• [WORK INSTRUCTION]: Below, find the line containing "Appartement Lumineux avec"; from there to the final line, print every line exactly and skip the pictures.
#### PROVIDED DATA ####
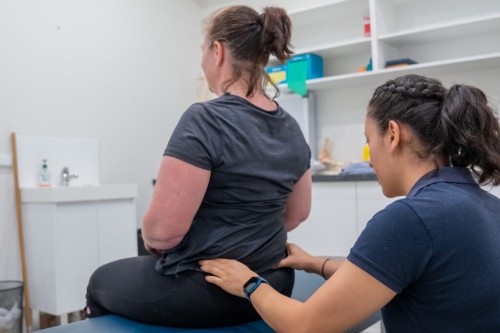 chiropractor-for-back-pain.jpg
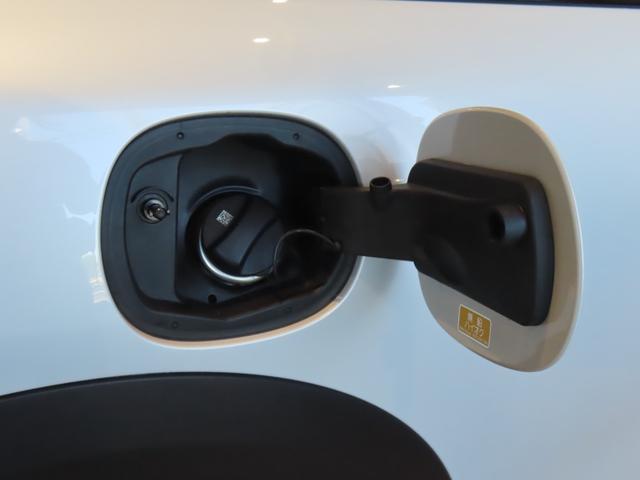 MINI クーパーC クラシック・トリム 認定中古車/純正ナビ/AppleCarPlay/AndroidAuto/LEDライト/純正バックカメラ/ETC2.0/純正ナビゲーションシステム/前後センサー/アダプティブクルーズコントロール(22枚目)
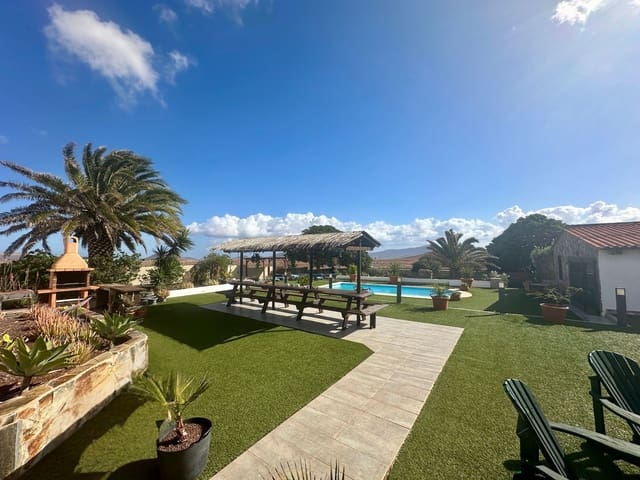 5 soverom Villa til salgs i Triquivijate, Antigua med svømmebasseng - € 499 000 (Ref: 9542163)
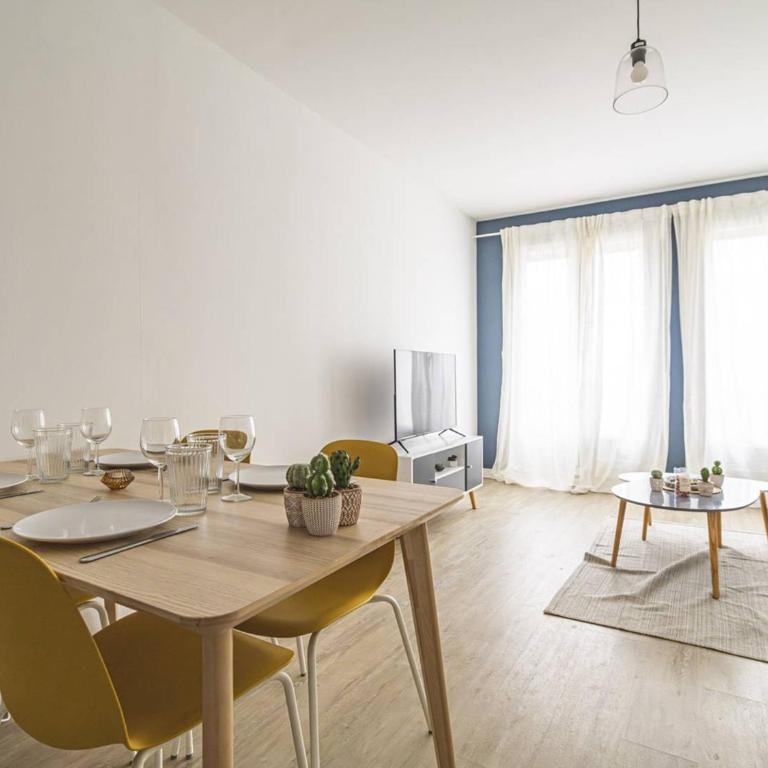 Appartement Lumineux avec WiFi au Cœur de Reims - FR-1-870-25 - Appartamento - 18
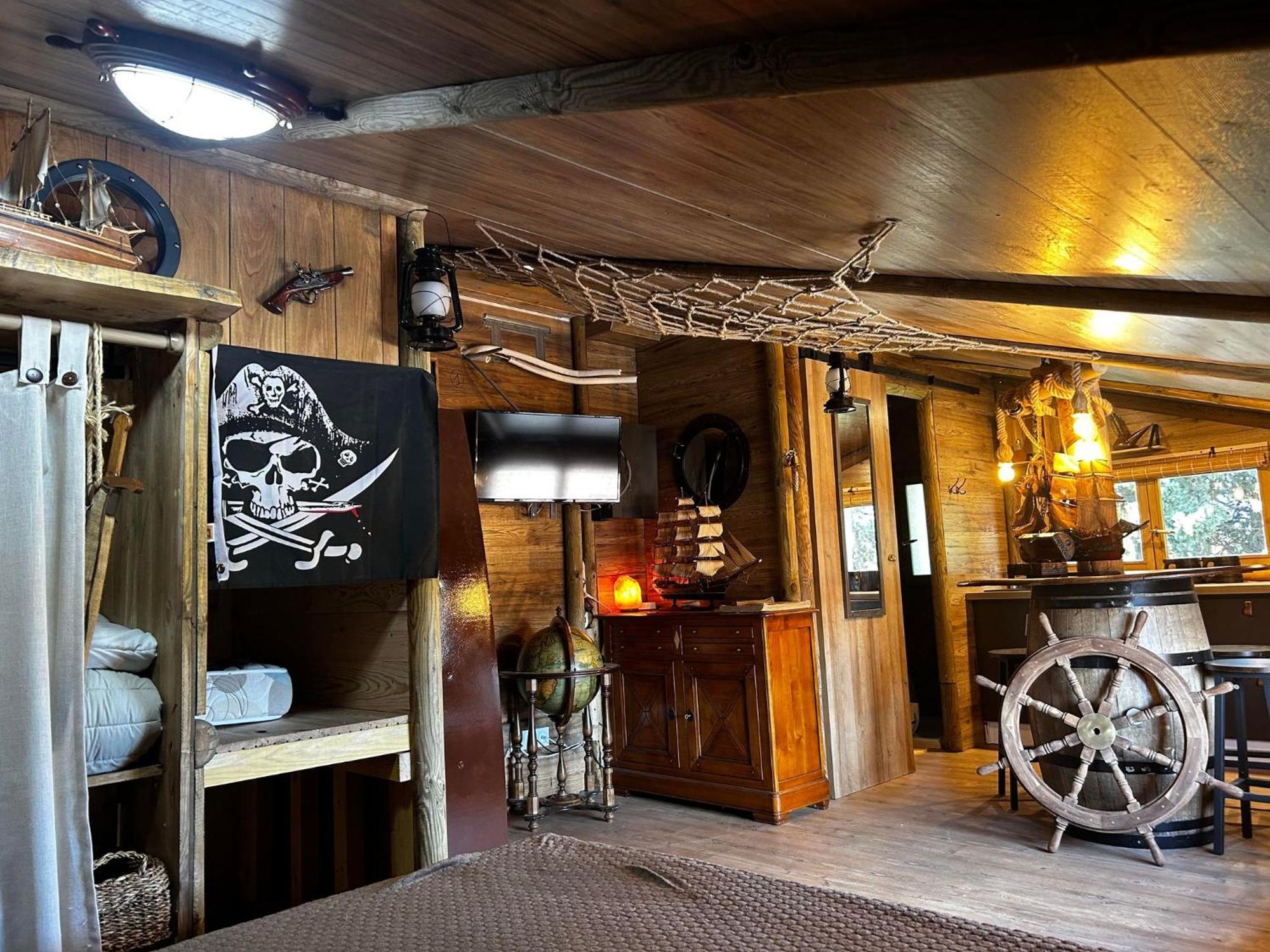 Les Chambres De Paulette Chambres A Theme Jack Sparrow Sainte-Marie-la-Mer Ngoại thất bức ảnh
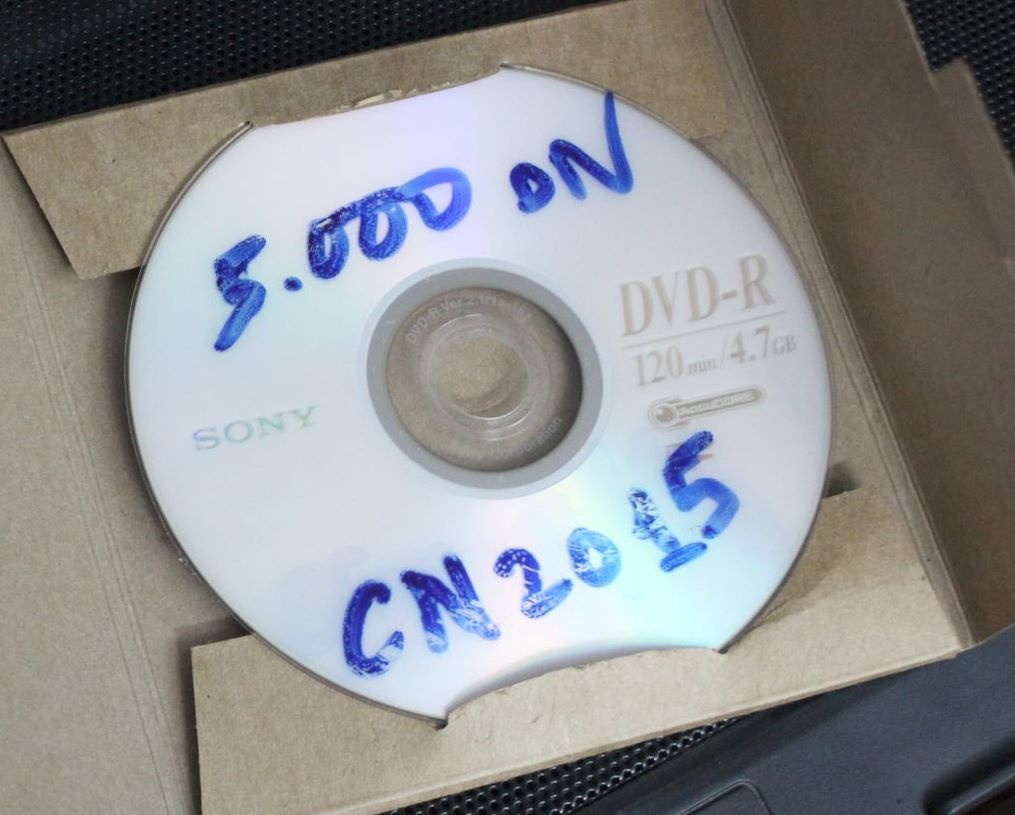 Rao ban thong tin ve 5.000 giam doc gia 800.000 dong hinh anh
####
• [RESPONSE AREA]:
 Appartement Lumineux avec WiFi au Cœur de Reims - FR-1-870-25 - Appartamento - 18
 Les Chambres De Paulette Chambres A Theme Jack Sparrow Sainte-Marie-la-Mer Ngoại thất bức ảnh
 Rao ban thong tin ve 5.000 giam doc gia 800.000 dong hinh anh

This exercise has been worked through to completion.